After the last step, we created two dictionaries as decribed below:

- posts_by_hour: contains the number of ask posts created during each hour of the day.
- comments_by_hour: contains the corresponding number of comments received for the ask posts at each hour received.

After having calculated the amount of posts and comments created for each hour, we can now calculate the average number of comments for posts created during each hour of the day.

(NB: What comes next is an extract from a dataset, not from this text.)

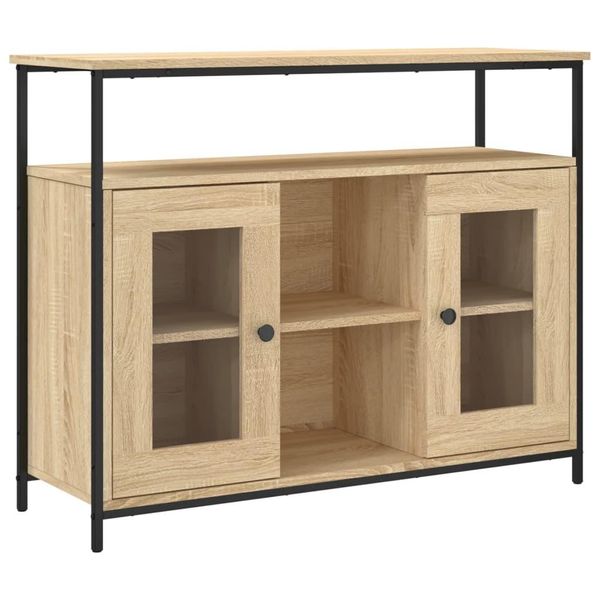 Syfax™ Credenza Rovere Sonoma 100X35X80 Cm In Legno Multistrato-image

# Determing Average Number of Comments for Ask HN Posts by Hour

In this part we will calculate the average number of comments per post for posts created during each hour of the day.

The result is a list of lists in which the first element is the hour and the second element is the average number of comments per post. The result is stored in a variable named `avg_by_hour`.

In [14]:
avg_by_hour = []
for row in posts_by_hour:
    avg_by_hour.append([row, round(comments_by_hour[row]/posts_by_hour[row],2)])

In [15]:
print('Average comments made by hour (Descending order):')
sorted(avg_by_hour, key=lambda x:(x[1], 2), reverse=True)

Average comments made by hour (Descending order):


[[15, 38.59],
 [2, 23.81],
 [20, 21.52],
 [16, 16.8],
 [21, 16.01],
 [13, 14.74],
 [10, 13.44],
 [14, 13.23],
 [18, 13.2],
 [17, 11.46],
 [1, 11.38],
 [11, 11.05],
 [19, 10.8],
 [8, 10.25],
 [5, 10.09],
 [12, 9.41],
 [6, 9.02],
 [0, 8.13],
 [23, 7.99],
 [7, 7.85],
 [3, 7.8],
 [4, 7.17],
 [22, 6.75],
 [9, 5.58]]

After sorting the results in ascending order for the average number of comments per post added by each hour, we can see that, the highest occurs around 15hrs with an average of 38.59 comments.

# Printing Sorted Values from a List of Lists

In [16]:
# Getting top 5 Hours (EST) for Ask Post Comments
ask_sorted = sorted(avg_by_hour, key=lambda x:(x[1], 2), reverse=True)

print('Top 5 Hours for Ask Posts Comments in EST Timezone')
for hour, avg in ask_sorted[:5]:
    hour_est = dt.datetime.strptime(str(hour),'%H') 
    hour_est = hour_est.strftime('%H:%M')

    print('{}(EST): {} average comments per post'.format(hour_est,avg))

Top 5 Hours for Ask Posts Comments in EST Timezone
15:00(EST): 38.59 average comments per post
02:00(EST): 23.81 average comments per post
20:00(EST): 21.52 average comments per post
16:00(EST): 16.8 average comments per post
21:00(EST): 16.01 average comments per post


From this we see that for one to have a higher chance of receiving comments, they have to create a post during 15hrs. There's about a 60% increase in the number of comments between the hours with the highest and second highest average number of comments.

According to the data set documentation, the timezone used is Eastern Time in the US. Below is the converted time to the my local time zone (GMT+2).

In [17]:
print('Top 5 Hours for Ask Posts Comments in GMT Timezone')
for hour, avg in ask_sorted[:5]:
    hour_gmt2 = dt.datetime.strptime(str(hour),'%H')
    hour_gmt2 += dt.timedelta(hours=7) #converting EST to GMT+2  
    hour_gmt2 = hour_gmt2.strftime('%H:%M')

    print('{}(GMT+2): {} average comments per post'.format(hour_est,avg))

Top 5 Hours for Ask Posts Comments in GMT Timezone
21:00(GMT+2): 38.59 average comments per post
21:00(GMT+2): 23.81 average comments per post
21:00(GMT+2): 21.52 average comments per post
21:00(GMT+2): 16.8 average comments per post
21:00(GMT+2): 16.01 average comments per post


# Conclusion

The analysis done in this project was to determine which type of posts and during which time, the ask posts or show posts receive the most comments on average. In order to increase the chance of having a post receiving most comments, based on this analysis, we'd recommend the post be categorized as ask post and created between 15:00 and 16:00 (3:00 pm est - 4:00 pm est) which would be between 21:00 abd 22:22 (in my local time zone GMT+2)

The conclusion that can be made with certainty from this analysis is that, for the posts that received comments, ask posts received more comments on average and ask posts created between 15:00 and 16:00 (3:00 pm est - 4:00 pm est) received the most comments on average.